In a recent Grantland article, NBA writer Zach Lowe lays out Rajon Rondo’s impact on the Celtics and what their recent success says, if anything.
Boston projects as the same team without Rondo that it was with him — a defensive juggernaut that will win games when its offense does just enough to allow its defense to carry the Celtics across the line. How often they can find the right balance remains to be seen, but Rondo’s absence certainly lowers their game-to-game ceiling on offense, especially against top defenses that will scout Boston’s new offense and have the skills and smarts to bottle up this motion-style stuff.”
Lowe talks about the team’s recent four-game winning streak and how fans shouldn’t get too excited about it.
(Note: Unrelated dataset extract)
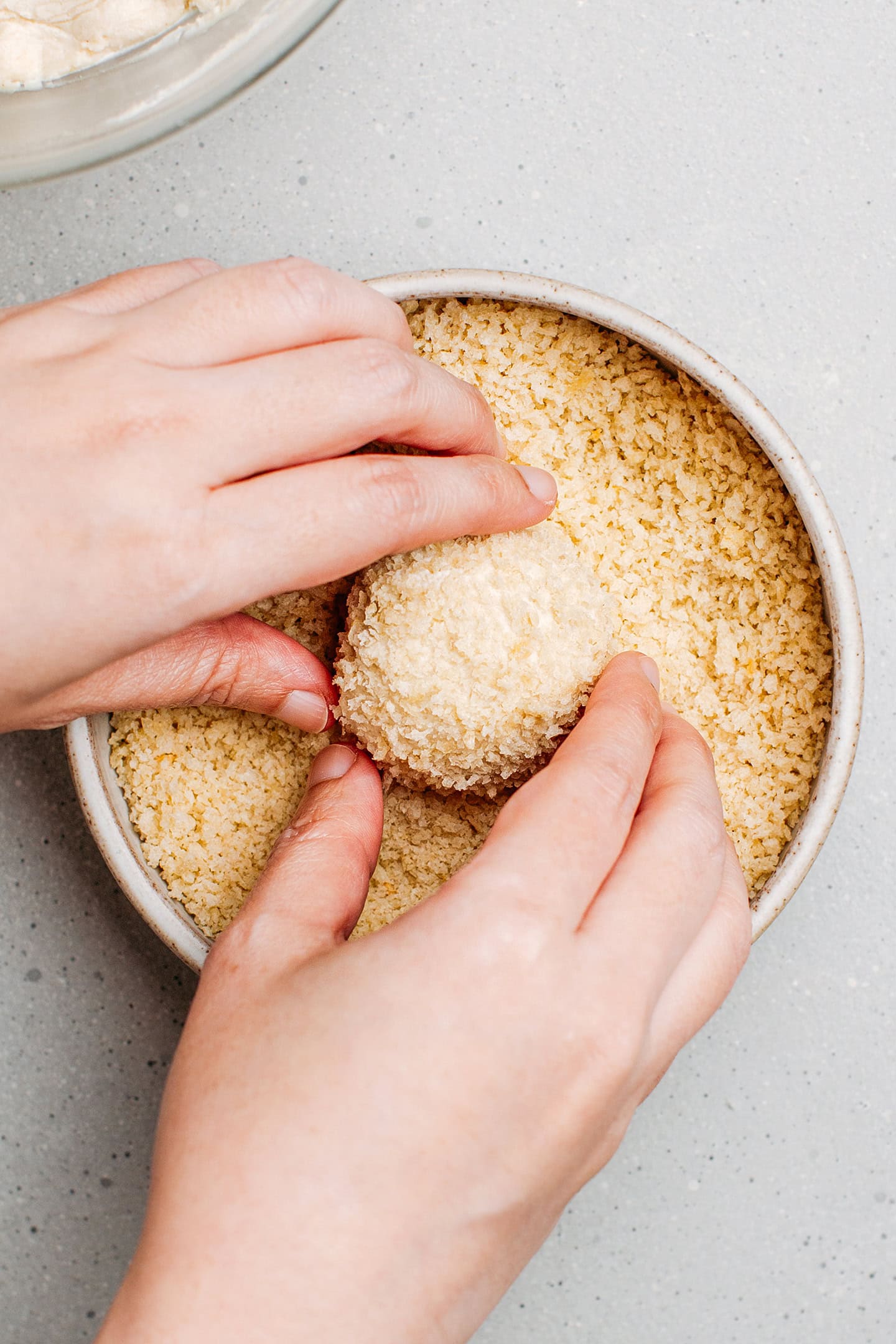 Coating a vegan cheese ball with breadcrumbs.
The idea of taking anything away from four regular season games is “stupid” to Lowe and any conversation of the streak should include who they beat.
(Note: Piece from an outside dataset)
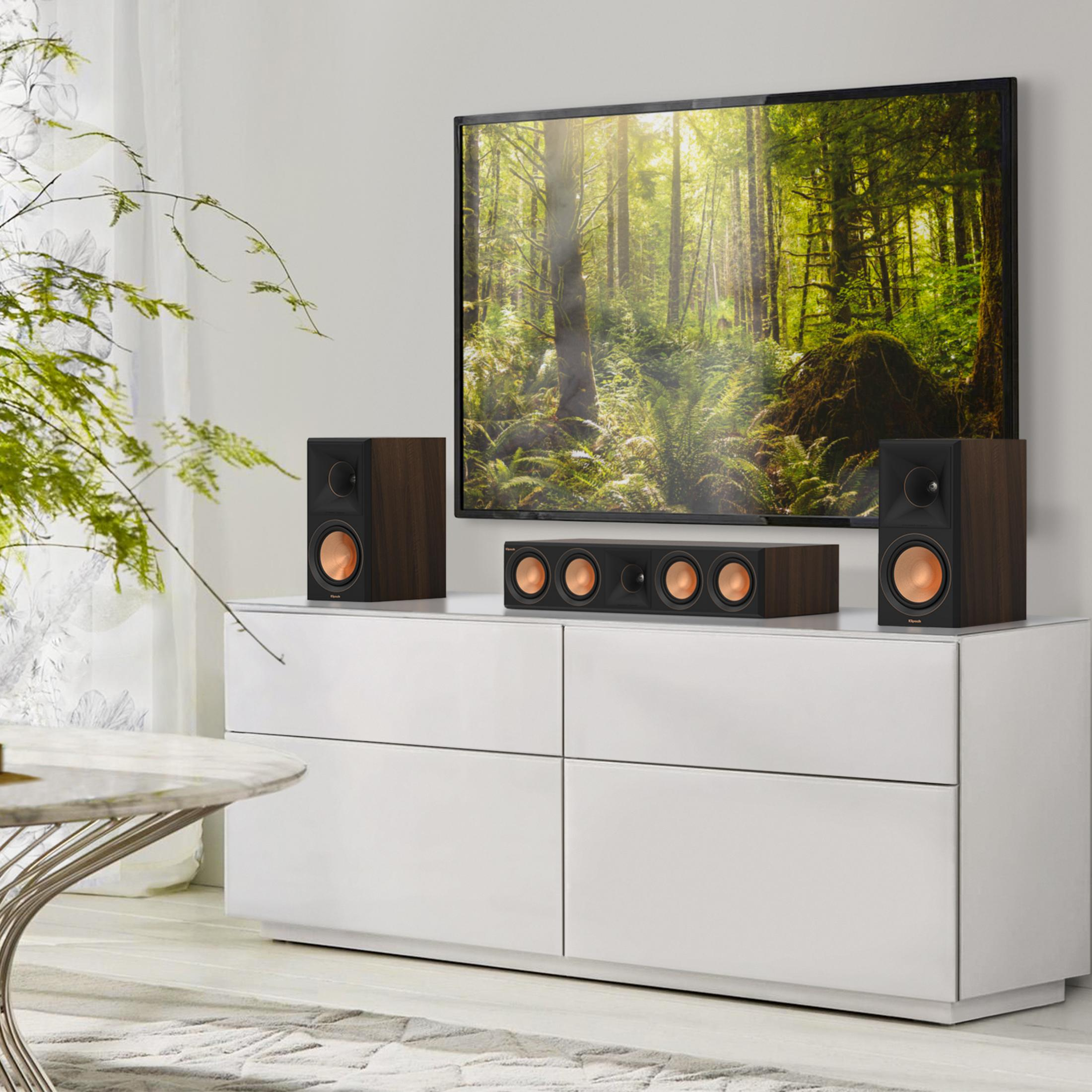 Holz lautsprecher und ein Fernseher mit Waldbild stehen auf einem weißen Schrank.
This is especially true in Boston’s case. Its four wins have all come at home. The first came against a very good team (Miami) that has allowed a disturbing number of its opponents to hang in until the final buzzer. Then came the Kings, 5-21 on the road, and 29th in points allowed per possession. Then the Magic, 2-21 in the last 23 games, and missing Arron Afflalo, Glen Davis, and Jameer Nelson (for the second half). That is something close to a D-League team. The last win came against a Clippers team that had lost by 25 in Toronto two days earlier and has now lost six of eight without Chris Paul.”
Lowe goes on to talk about the stats showing the team adjusting to Rondo after relying on him more this season than any other. He shows how the team has to work harder to get plays off without a legit playmaker and while their offense is clicking right now, it could slip back down to mediocre if those jumpers stop falling.
For Lowe, Rondo wasn’t Boston’s solution or problem.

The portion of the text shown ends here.